Captioned web image data:

--------------------------------------------------

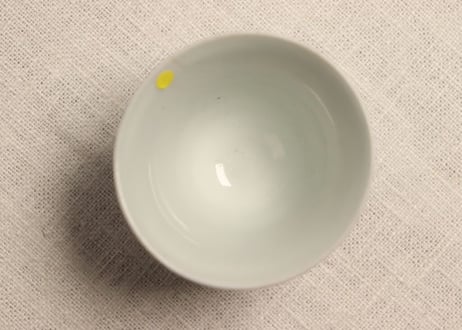江戸後期染付丸窓に草花図広東型小猪口 小ニュウ
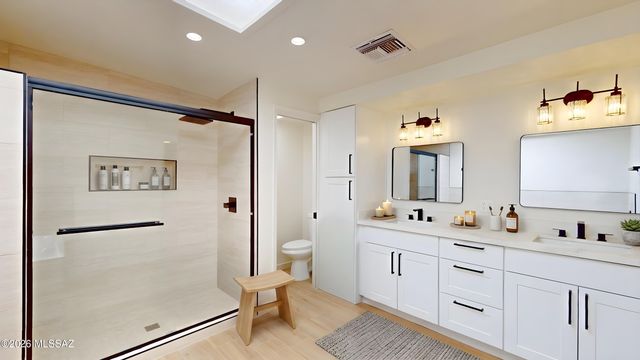 2709 E Glenn Street, Tucson, AZ 85716
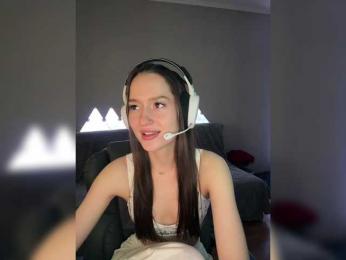 whiteTEA bongacams stream image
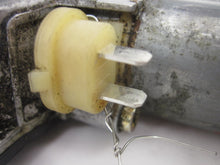 Load image into Gallery viewer, CONVERTIBLE TOP MOTOR Volvo C70 1998 98 1999 99 2000 00 01 02 03 04 Left - 504636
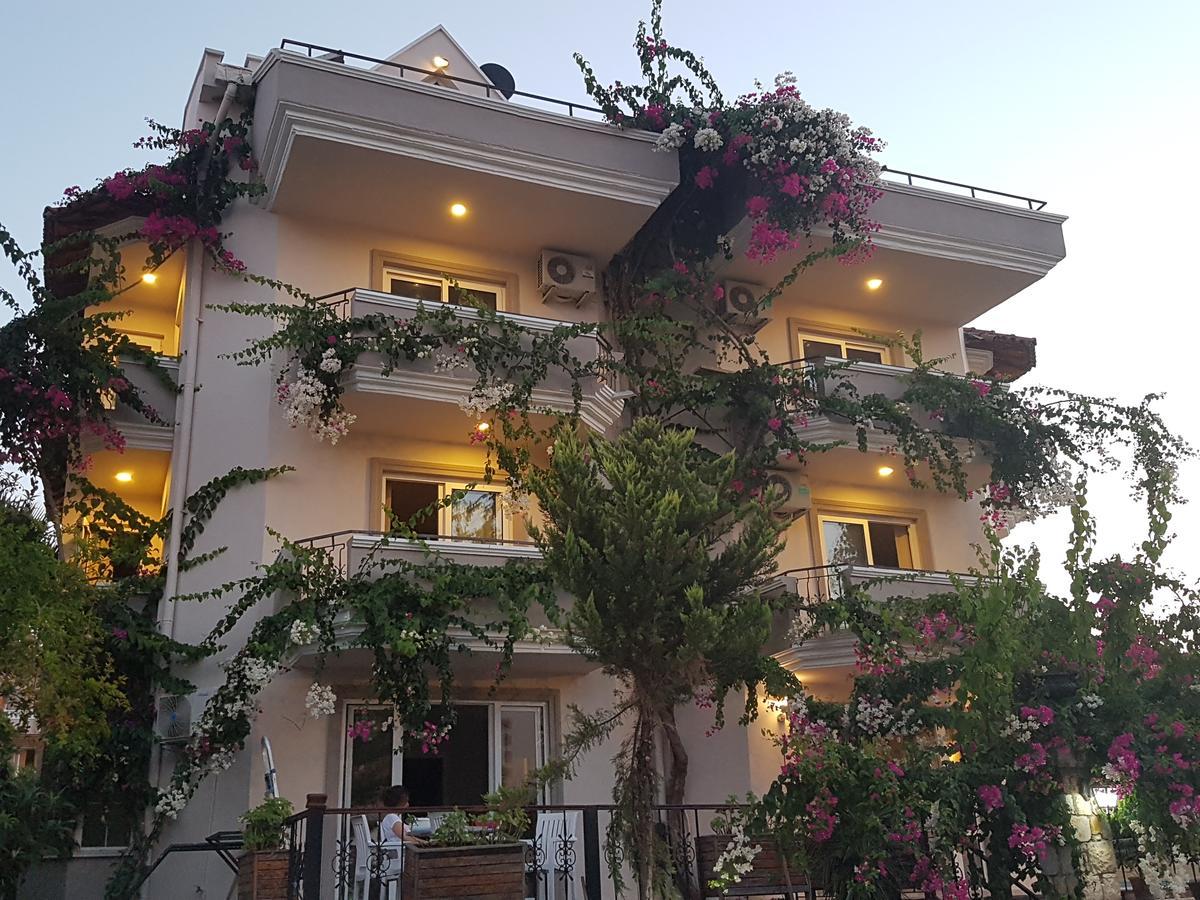 Selenya Aparthotel 3*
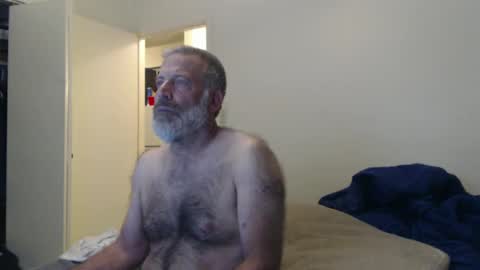 Snapshot of veryveryhairmanindenver chatting on January 19, 2025, 1:32 am hairy man online show from January 19, 2025, 1:32 am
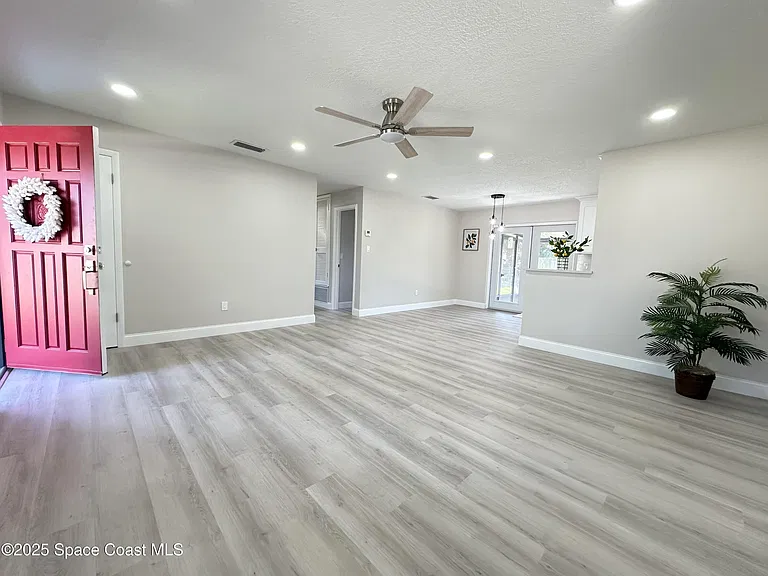 922 Carolina Ave S — Photo 4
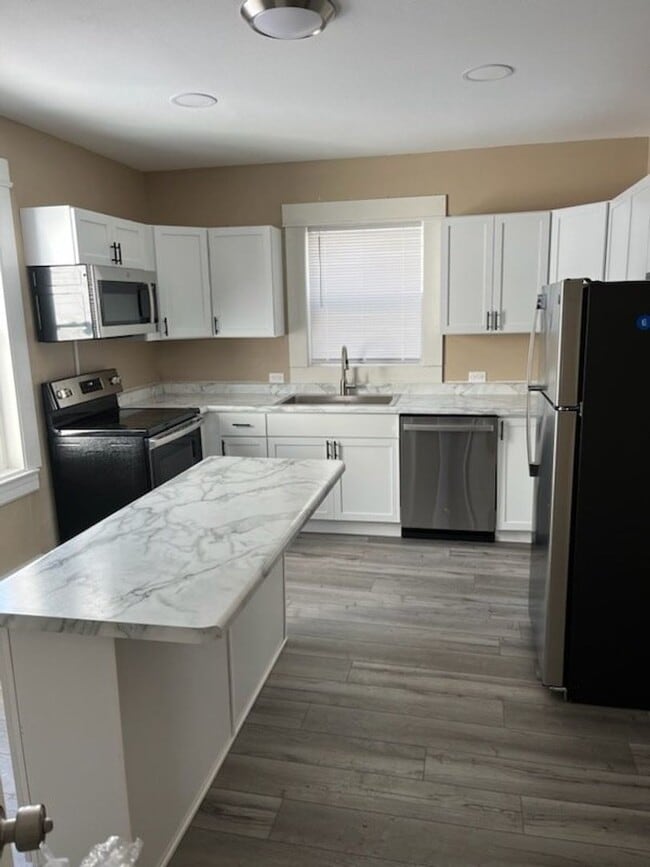 Photo - 625 N Barstow St Unit 1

--------------------------------------------------

> **TASK TO CARRY OUT**:
Please give again only the lines from the one containing "Selenya Aparthotel 3*" through the last line of the entries above, exactly as they stand and without pictures.

> **ANSWER BELOW**:
 Selenya Aparthotel 3*
 Snapshot of veryveryhairmanindenver chatting on January 19, 2025, 1:32 am hairy man online show from January 19, 2025, 1:32 am
 922 Carolina Ave S — Photo 4
 Photo - 625 N Barstow St Unit 1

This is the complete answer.